Well, I’d love to believe this is finally the ONE, but I’m not so sure.  The paper describing the results NBF refers to was published by the journal Nature Communications.  Even if you don’t subscribe, you can click on the figures in the abstract and get the gist of what’s going on.  In the first place, one of the lasers has to accelerate protons to high enough energies to overcome the Coulomb repulsion of the stripped (of electrons) boron nuclei produced by the other laser.  Such laser particle accelerators are certainly practical, but they only work at extremely high power levels.  In other words, they require what’s known in the business as petawatt lasers, capable of achieving powers in excess of a quadrillion (10 to the 15th power) watts.  Power comes in units of energy per unit time, and such lasers generally reach the petawatt threshold by producing a lot of energy in a very, very short time.  Often, we’re talking picoseconds (trillionths of a second).

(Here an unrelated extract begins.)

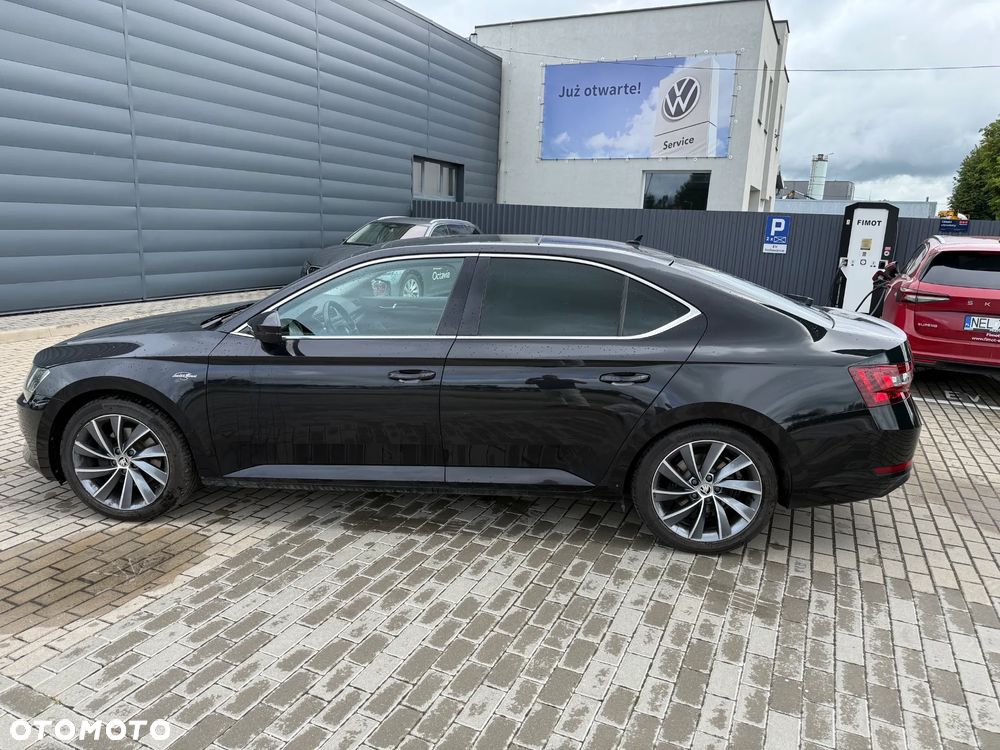 Skoda Superb 2.0 TDI L&K DSG - 8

Now, you can do really, really cool things with petawatt lasers, such as pulling electron positron pairs right out of the vacuum.  However, their practicality as drivers for fusion power plants, at least in their current incarnation, is virtually nil.  The few currently available, for example, at the University of Rochester’s Laboratory for Laser Energetics, the University of Texas at Austin, the University of Nevada at Reno, etc., are glass lasers.  There’s no way they could achieve the “rep rates” (shot frequency) necessary for useful energy generation.  Achieving lots of fusions, but only for a few picoseconds, isn’t going to solve the world’s energy problems.

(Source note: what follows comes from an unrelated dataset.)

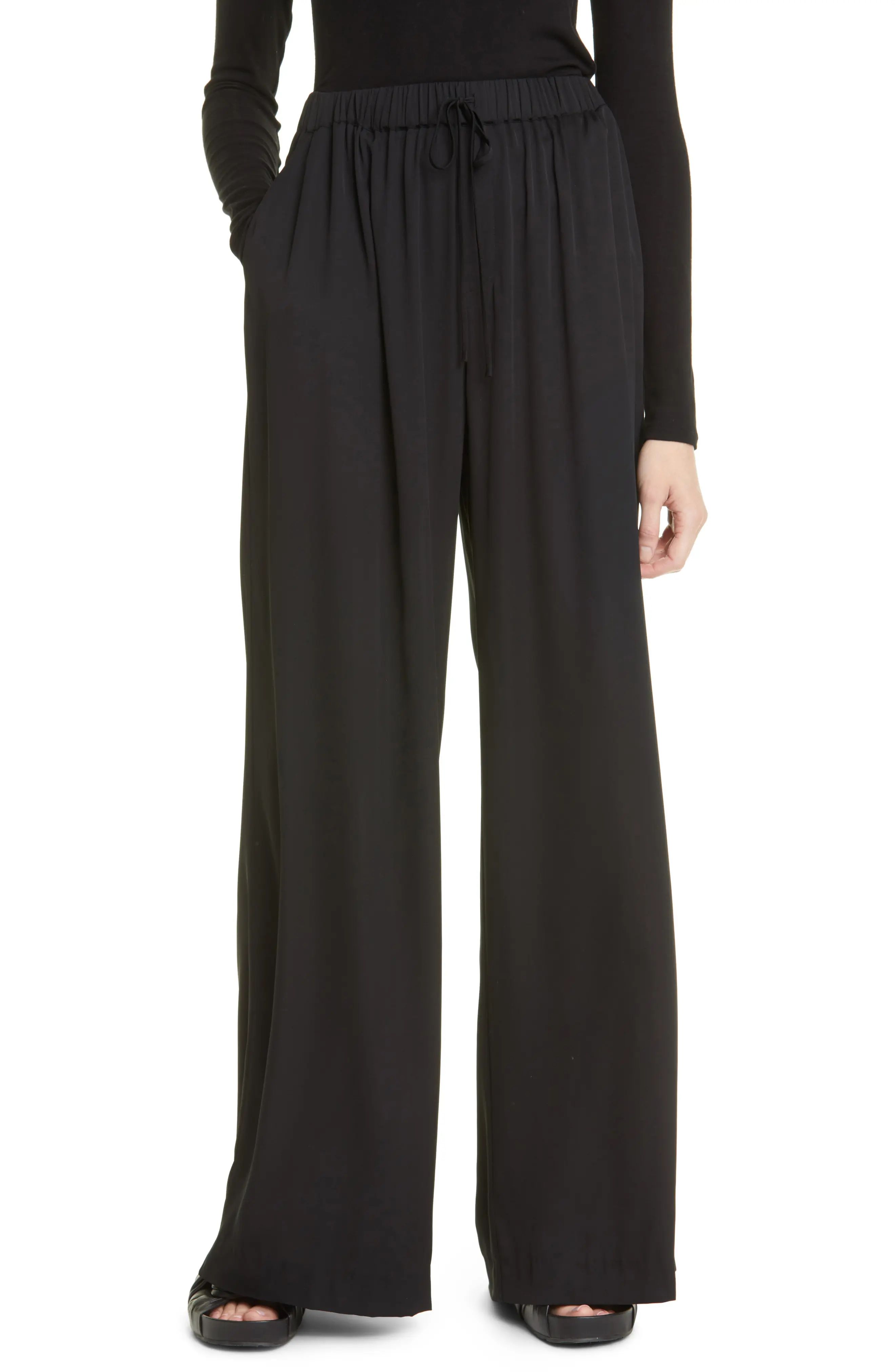 Women's Nordstrom Signature Wide Leg Stretch Silk Pants, Size 14 - Black | Nordstrom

As it happens, conventional accelerators can also be used for fusion.  As a matter of fact, it’s a common way of generating neutrons for such purposes as neutron radiography.  Unfortunately, none of the many fancy accelerator-driven schemes for producing energy that people have come up with over the years has ever worked.  There’s a good physical reason for that.  Instead of using their energy to overcome the Coulomb repulsion of other nuclei (like charges repel, and atomic nuclei are all positively charged), and fuse with them, the accelerated particles prefer to uselessly dump that energy into the electrons surrounding those nuclei.  As a result, it has always taken more energy to drive the accelerators than could be generated in the fusion reactions.  That’s where the “clever” part of this scheme comes in.  In theory, at least, all those pesky electrons are gone, swept away by the second laser.  However, that, too, is an energy drain.  So the question becomes, can both lasers be run efficiently enough and with high enough rep rates and with enough energy output to strip enough boron atoms to get enough of energy out to be worth bothering about, in amounts greater than that needed to drive the lasers?  I don’t think so.  Still, it was a very cool experiment.

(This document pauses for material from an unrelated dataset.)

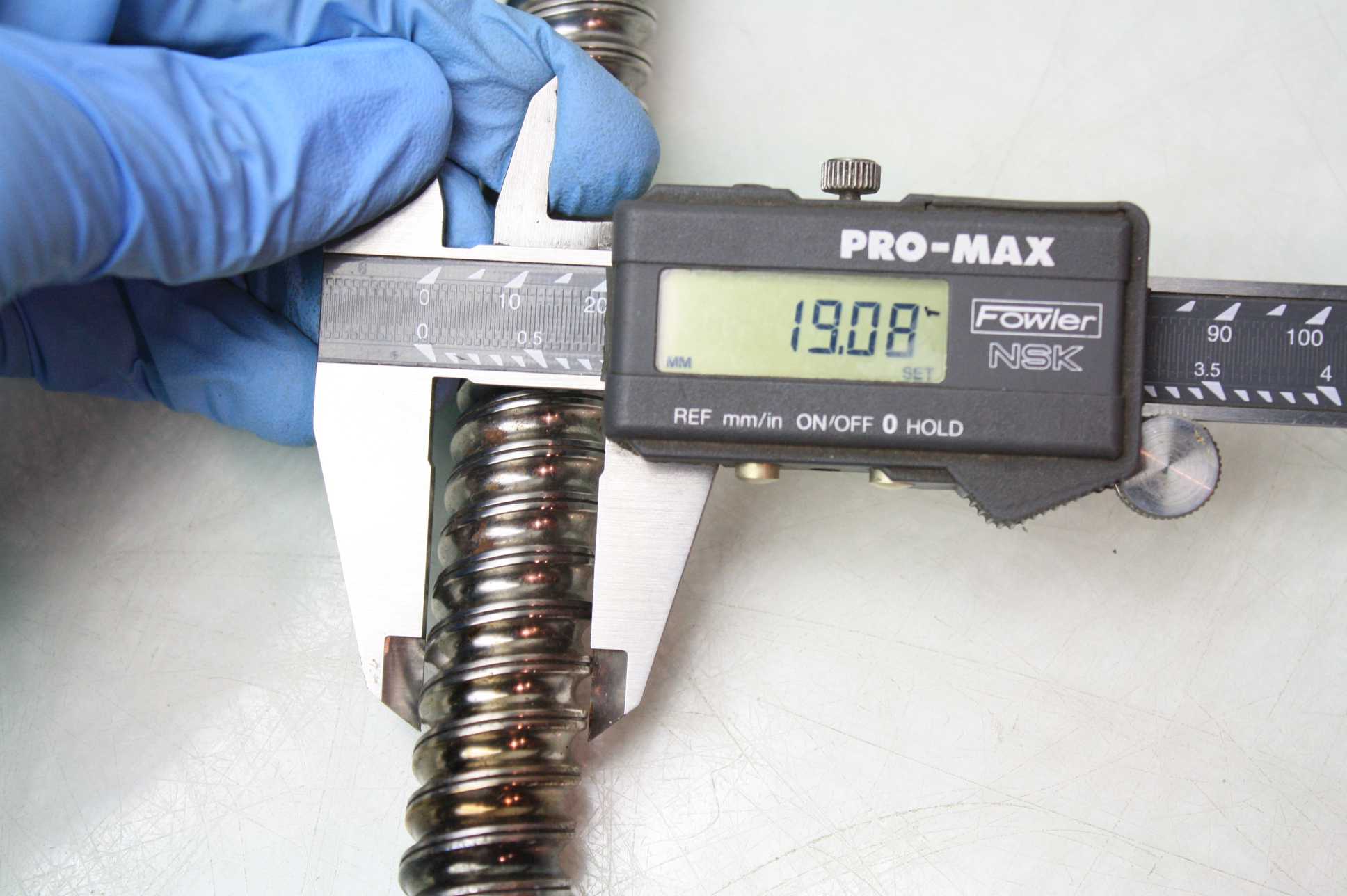 Thomson Ball Nut R0702 Ball Screw w/ Nut and Wiper Kit 740mm Long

Of Cold Fusion and the Timidity of ARPA-E

ARPA-E, or the Advanced Research Projects Agency – Energy, is supposed to be DOE’s version of DARPA.  According to its website, its mission,

…is to fund projects that will develop transformational technologies that reduce America’s dependence on foreign energy imports; reduce U.S. energy related emissions (including greenhouse gasses); improve energy efficiency across all sectors of the U.S. economy and ensure that the U.S. maintains its leadership in developing and deploying advanced energy technologies.

So far, it has not come up with anything quite as “transformational” as the Internet or stealth technology.  There is good reason for this.  Its source selection people are decidedly weak in the knees.  Consider the sort of stuff it’s funded in the latest round of contract awards.  The people at DARPA would probably call it “workman like.”  H. L. Mencken, the great Sage of Baltimore, would more likely have called it “pure fla fla.”  For example, there are “transformational” systems to twiddle with natural gas storage that the industry, not exactly short of cash at the moment, would have been better left to develop on its own, such as,

Liquid-Piston Isothermal Home Natural Gas Compressor

Chilled Natural Gas At-Home Refueling

and,

Superplastic-Formed Gas Storage Tanks

There is the “transformational” university research that is eye-glazingly mundane, and best reserved as filler for the pages of obscure academic journals, such as,

Cell-level Power Management of Large Battery Packs

Health Management System for Reconfigurable Battery Packs

and,

Optimal Operation and Management of Batteries Based on  Real Time Predictive Modeling and Adaptive Battery  Management Techniques.

There is some “groundbreaking” stuff under the rubric of “build a better magnet, and the world will beat a pathway to your door.”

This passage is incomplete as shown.